A couple of days ago I started facing Longhorn issues after rebooting all three nodes. For some reason my adguard deployment was stuck trying to mount the PV. I’m running my adguard deployment with RWX and this means it’s mounted over NFS.
Events:
Type Reason Age From Message
---- ------ ---- ---- -------
Warning FailedMount 45m (x3 over 56m) kubelet Unable to attach or mount volumes: unmounted volumes=[adguard-conf-pv adguard-work-pv], unattached volumes=[], failed to process volumes=[]: timed out waiting for the condition
Warning FailedMount 16m (x23 over 61m) kubelet MountVolume.MountDevice failed for volume "adguard-work-pv" : rpc error: code = Internal desc = mount failed: exit status 32
Mounting command: /usr/local/sbin/nsmounter
Mounting arguments: mount -t nfs -o vers=4.1,noresvport,intr,hard 10.43.20.191:/adguard-work-pv /var/lib/kubelet/plugins/kubernetes.io/csi/driver.longhorn.io/6c472e8b20509432a91f0d78010890b28fd5ebac0d9e85d0554ba7a69c9dccbd/globalmount
Output: mount.nfs: Protocol not supported
Warning FailedMount 6m50s (x21 over 61m) kubelet Unable to attach or mount volumes: unmounted volumes=[adguard-work-pv adguard-conf-pv], unattached volumes=[], failed to process volumes=[]: timed out waiting for the condition
Warning FailedMount 67s (x31 over 62m) kubelet MountVolume.MountDevice failed for volume "adguard-conf-pv" : rpc error: code = Internal desc = mount failed: exit status 32
Mounting command: /usr/local/sbin/nsmounter
Mounting arguments: mount -t nfs -o vers=4.1,noresvport,intr,hard 10.43.25.161:/adguard-conf-pv /var/lib/kubelet/plugins/kubernetes.io/csi/driver.longhorn.io/e5cf370525e8a07eda18f130064a2fb3712c6f4668904245d8622230e3defd8e/globalmount
Output: mount.nfs: Protocol not supported
At first I was having some doubt on the NFS package — if it got updated and started causing issues with Longhorn.

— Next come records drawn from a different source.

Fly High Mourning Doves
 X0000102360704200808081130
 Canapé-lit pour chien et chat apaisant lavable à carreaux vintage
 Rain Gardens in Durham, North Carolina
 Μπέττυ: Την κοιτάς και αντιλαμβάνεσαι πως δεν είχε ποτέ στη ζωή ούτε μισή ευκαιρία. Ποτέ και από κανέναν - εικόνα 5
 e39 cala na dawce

But this wasn’t the case. Googling online landed me to one github issue that was opened fairly recently (link here). andrewheberle shared a comment about facing the same issue after upgrading the kernel to 5.15.0-94.
https://www.kolide.com/features/checks/ubuntu-unattended-upgrades
Checking my apt history, it looks like Ubuntu upgraded automatically last 8th of February: less /var/log/apt/history.log
This looks to be due to unattended upgrades that are enabled by default upon OS installation.
You can check this by executing: cat /etc/apt/apt.conf.d/20auto-upgrades
APT::Periodic::Update-Package-Lists "1";
APT::Periodic::Unattended-Upgrade "1";
In my case I disabled both updating of package list and unattended upgrades by changing the value from 1 to 0.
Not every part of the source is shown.